Uncut (p.84) - 5 stars out of 5 -- "Adrian Utley proves to be the key player through much of the record....Here his playing is frequently awe-inspiring....THIRD is the most stunning, stark and superb Portishead album yet."
Paste (magazine) (p.52) - "THIRD is far and away the best, most punk thing in the Portishead catalog: a deeply transgressive album that bears a passing similarity to its predecessors but leaves most of the baggage behind..."
Clash (magazine) (p.108) - "Portishead have sidled back to express their tortured collective in more depth than most bands could ever dream off. They have subverted the natural order. Pain was never meant to feel this good."

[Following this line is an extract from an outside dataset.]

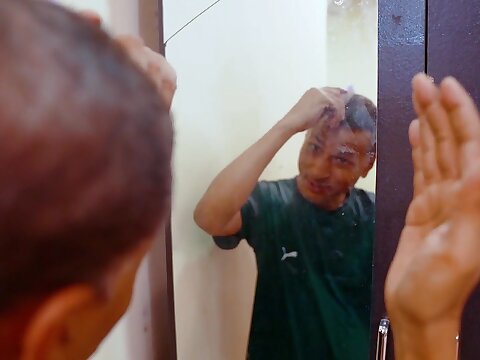 Desi bhabhi desperate for the gonzo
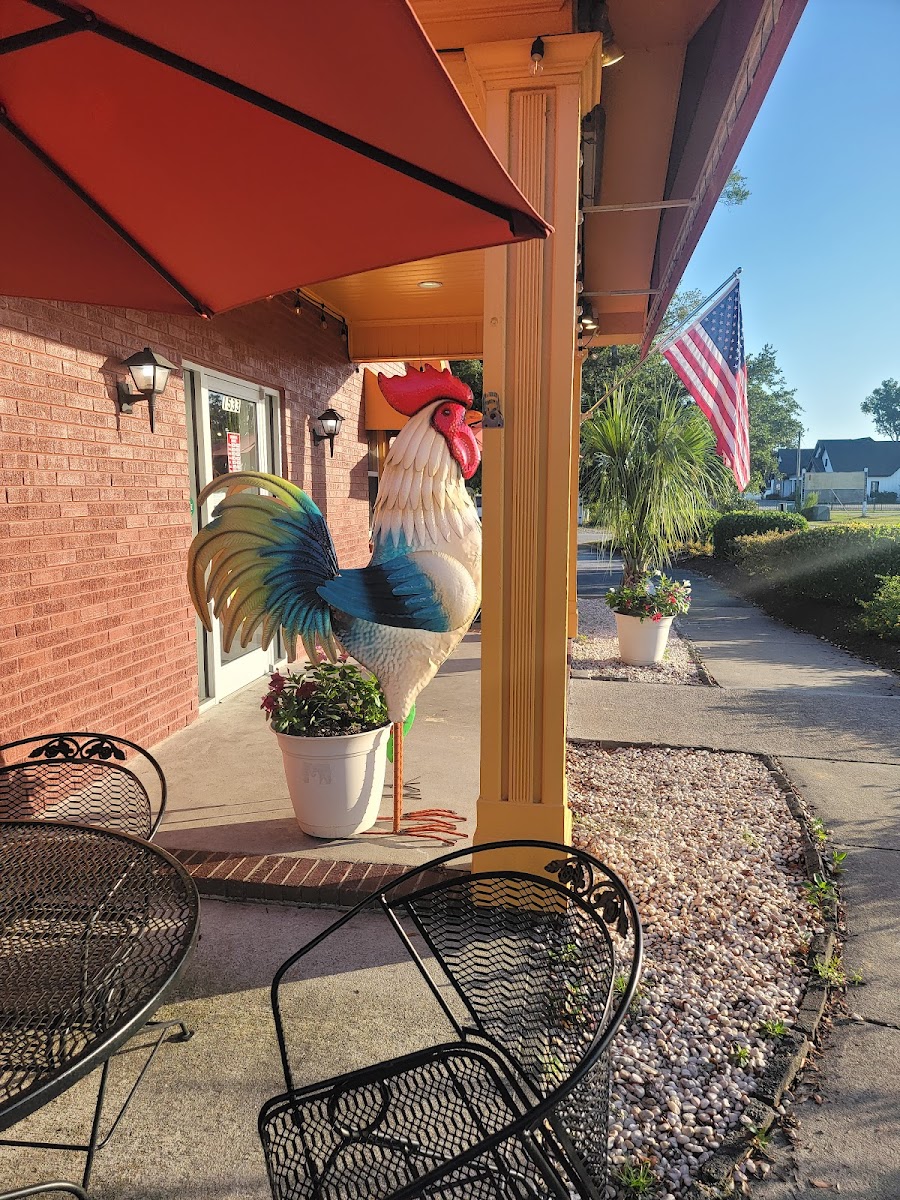 MMM Que Rico Exterior Photo - MMM Que Rico South American in Calabash, NC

More than a decade after its self-titled sophomore outing, the pioneering British electronica ensemble Portishead finally resurfaced with 2008's THIRD, an album that both meets and defies expectations. Although the record features many of the group's aural signatures--most notably that exquisitely dark, cinematic mood and Beth Gibbons's heartbreaking vocals--it presents little in the way of vintage trip-hop, proving that sonic masterminds Geoff Barrow and Adrian Utley aren't keen on repeating themselves. "Silence" kicks off the affair with tumbling percussion loops, while "Nylon Smile" drifts along on spare, slinky instrumentation, and "Machine Gun" moves to jarringly martial metrics that are battlefields away from any pop arena. Though THIRD is initially disorienting, repeated listens reveal a deeply engaging and fascinating album that stays true to the melancholy spirit of Portishead even as it wanders into unfamiliar territory.